*** DATA PROVIDED Section Begins ***

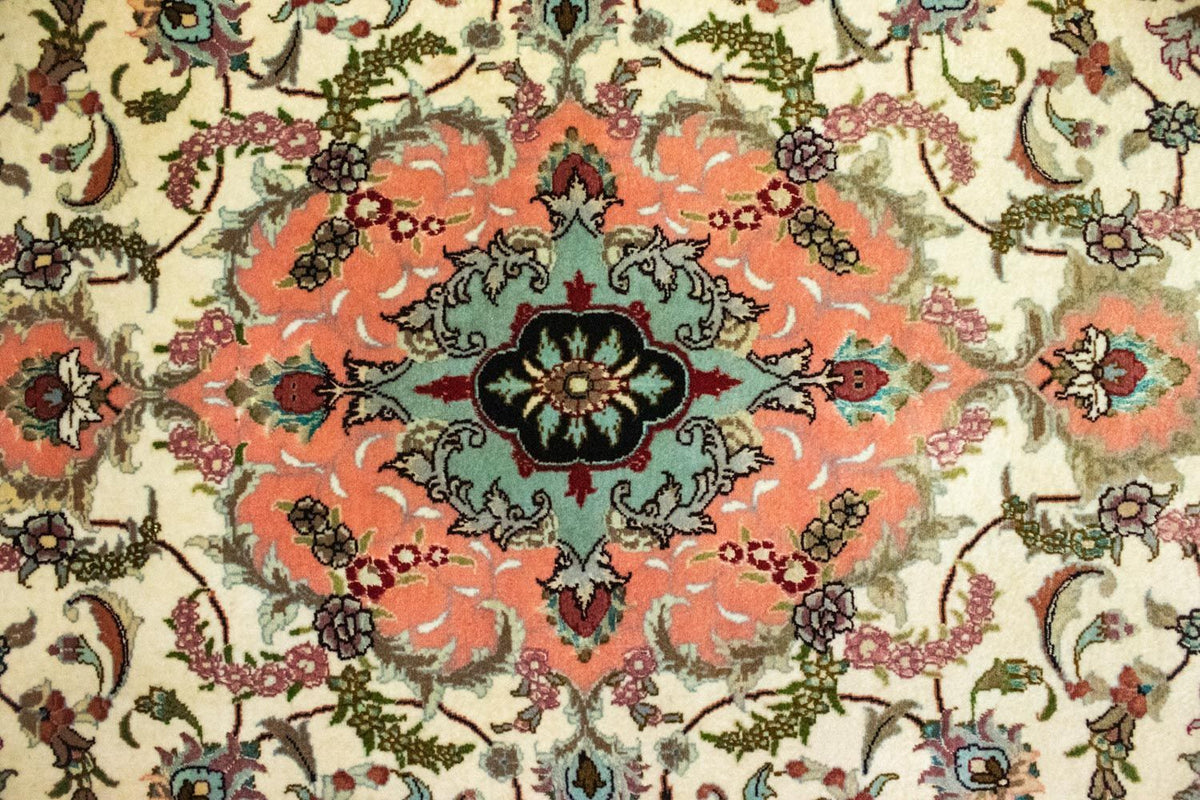Løber Persisk tæppe - Tabriz - 322 x 87 cm - beige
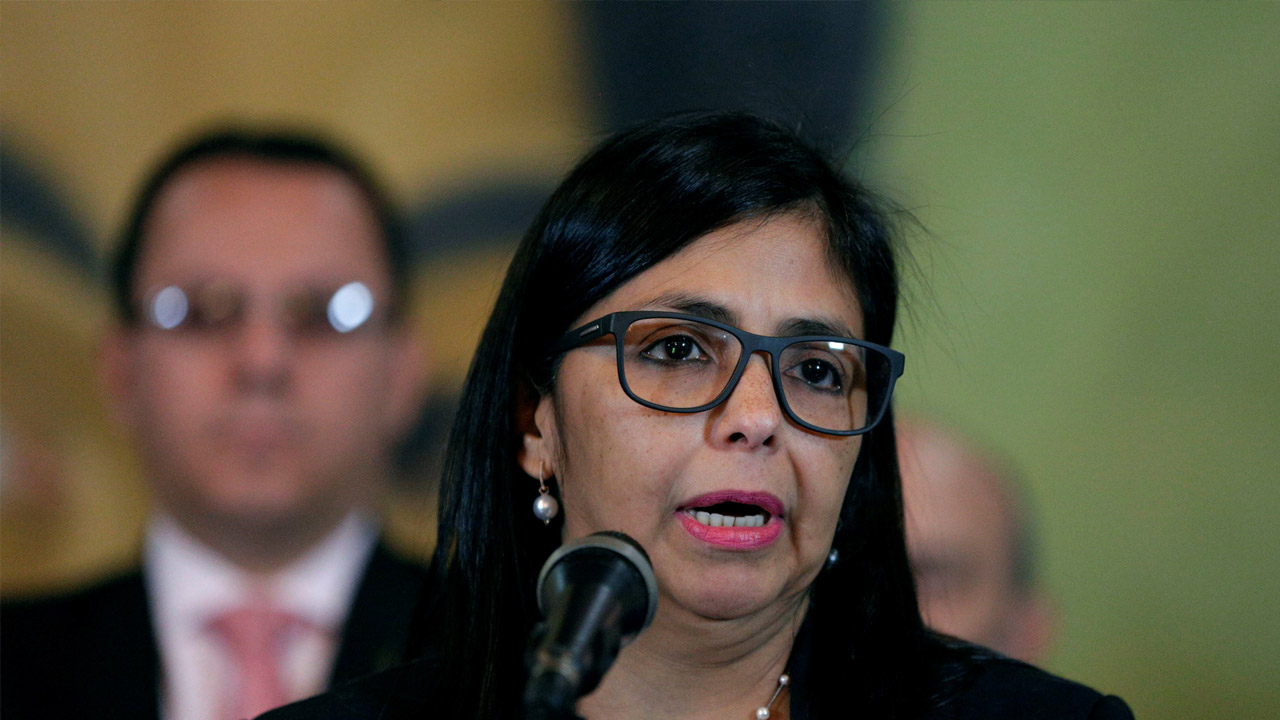 Delcy Rodríguez, rechazó en Consejo Permanente lo dicho por el secretario Luis Almagro ante lo ocurrido en Caracas ayer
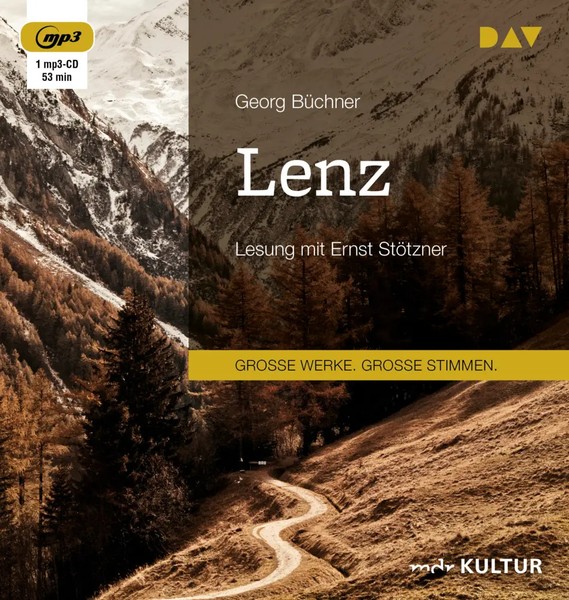 Lenz, 1 Audio-Cd, 1 MP3 Georg BüChner Audio-Cd 53 Min. Deutsch 2019-image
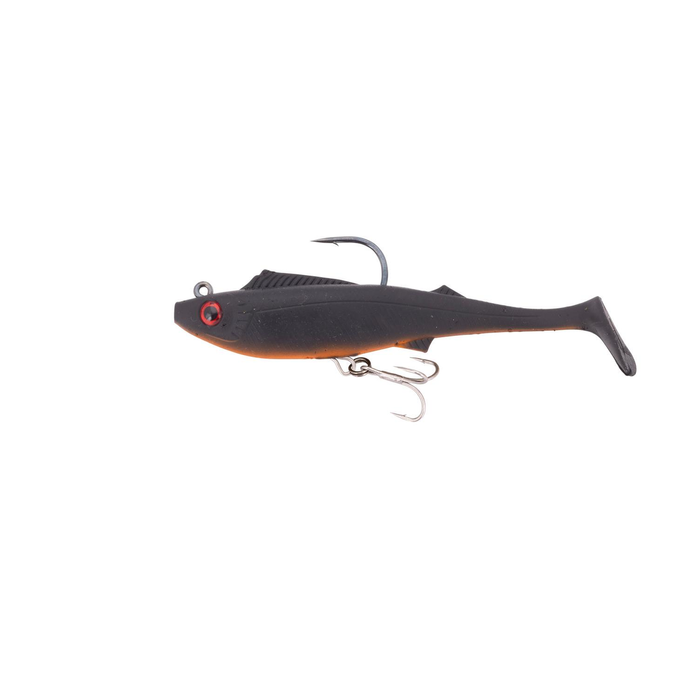 Berkley 2022 Shimma Pro Rig 6.5" Rigged Soft Plastic Fishing Lure Midnight Tiger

*** DATA PROVIDED Section Ends ***

- [WORK INSTRUCTION] Write out an exact reproduction of the lines from the line that holds "Lenz, 1 Audio-Cd, 1" to the bottom of the listing above, both ends included. Exclude pictures.

- [WRITTEN ANSWER]
 Lenz, 1 Audio-Cd, 1 MP3 Georg BüChner Audio-Cd 53 Min. Deutsch 2019-image
 Berkley 2022 Shimma Pro Rig 6.5" Rigged Soft Plastic Fishing Lure Midnight Tiger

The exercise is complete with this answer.